Start of Block

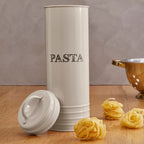 Pasta Canister | Sketch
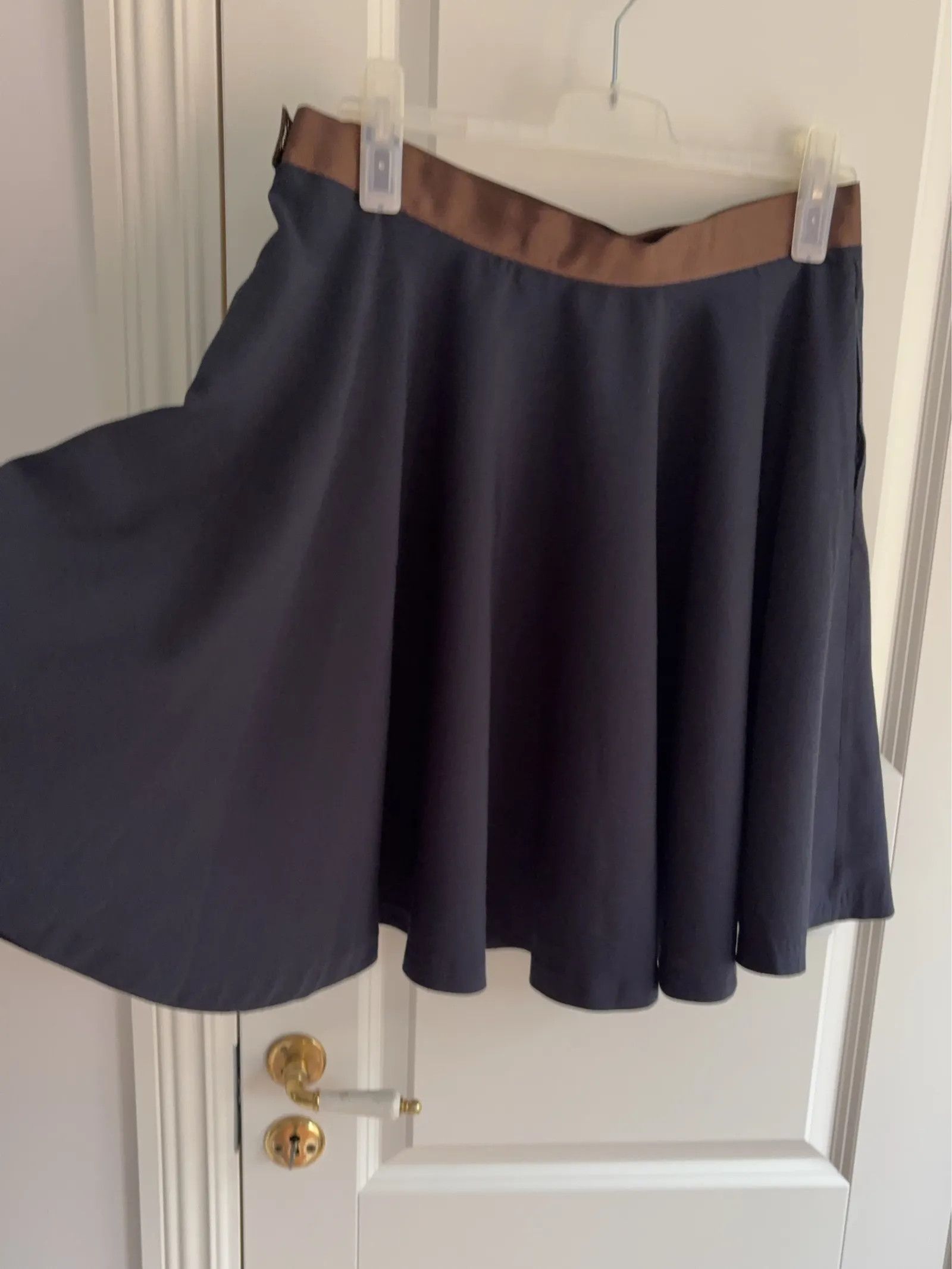 Whyred Whyred Skirt Size 28" / US 6 / IT 42 - 2 Thumbnail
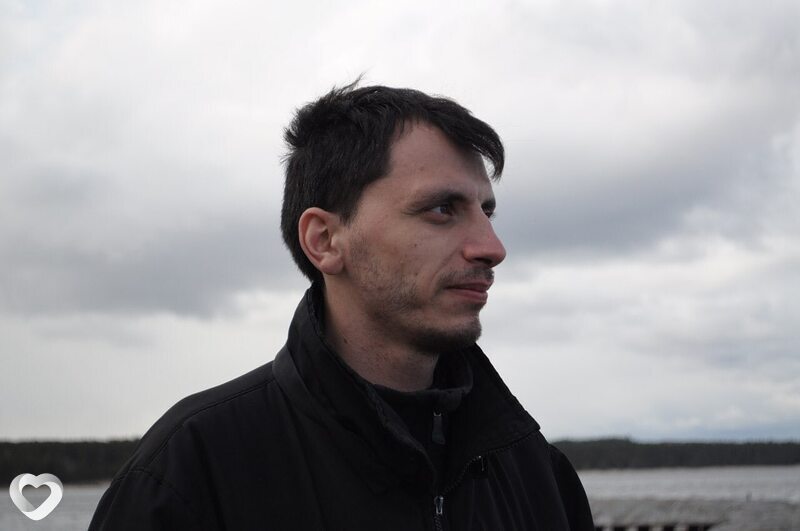 Павел, 32, Санкт-Петербурге — анкета №674770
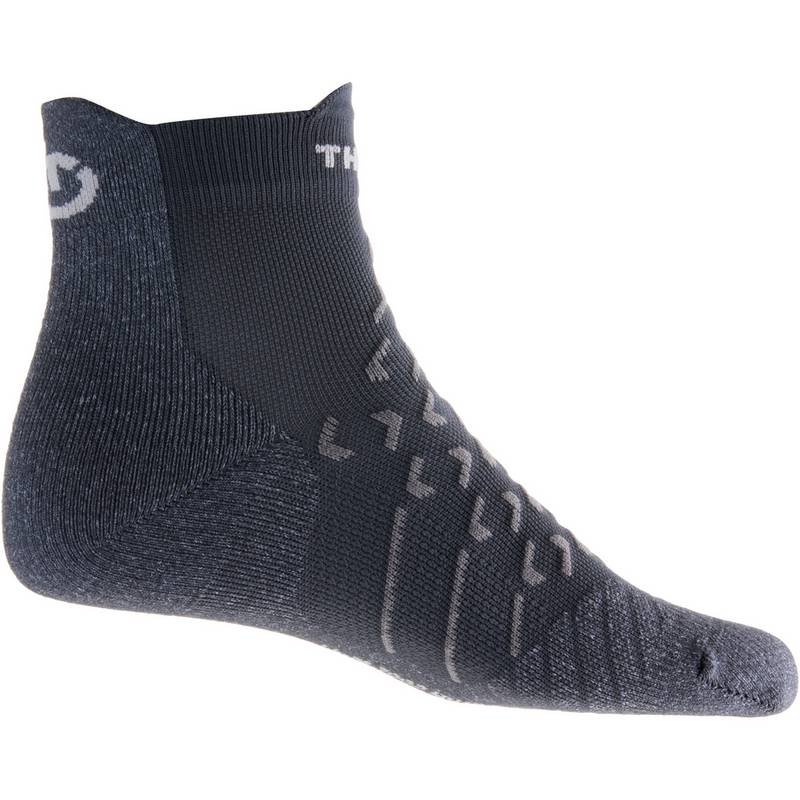 Therm-ic TREKKING ULTRA COOL - ANKLE Socken Herren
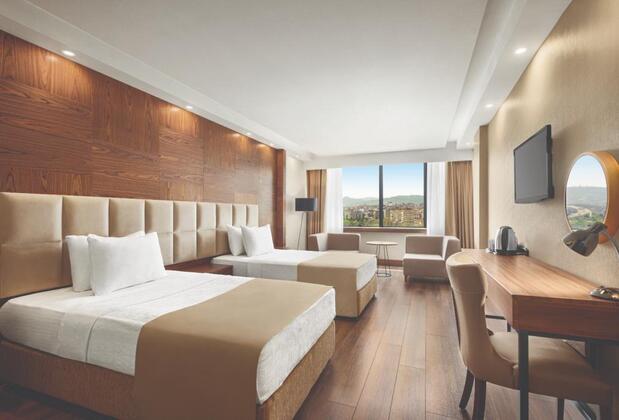 Ramada Plaza By Wyndham Samsun - Görsel 11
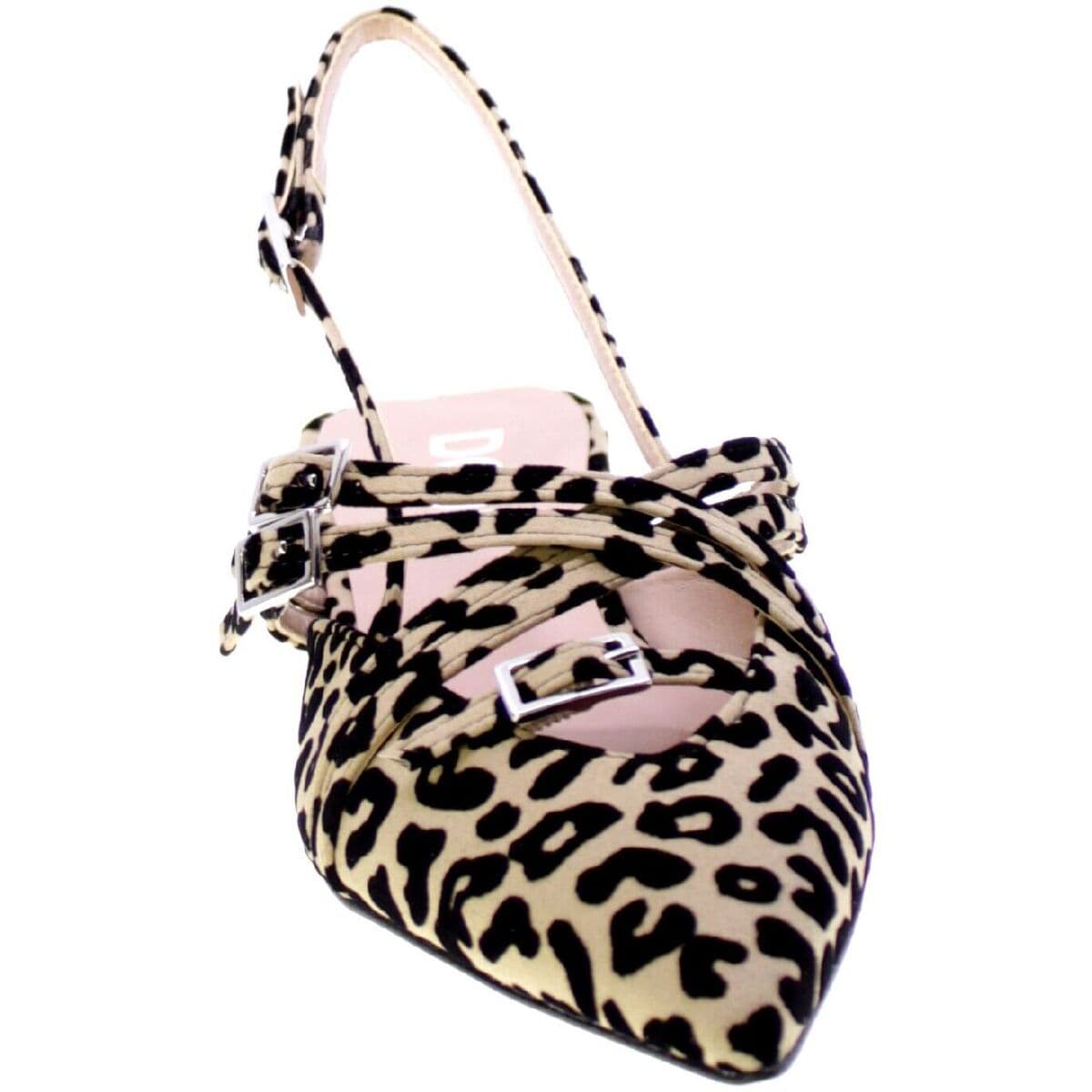 Women's Pumps Doop Multicolor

End of Block

* [Work order]: Everything in the data except the pictures must appear in your answer unchanged.

* [Exercise response]:
 Pasta Canister | Sketch
 Whyred Whyred Skirt Size 28" / US 6 / IT 42 - 2 Thumbnail
 Павел, 32, Санкт-Петербурге — анкета №674770
 Therm-ic TREKKING ULTRA COOL - ANKLE Socken Herren
 Ramada Plaza By Wyndham Samsun - Görsel 11
 Women's Pumps Doop Multicolor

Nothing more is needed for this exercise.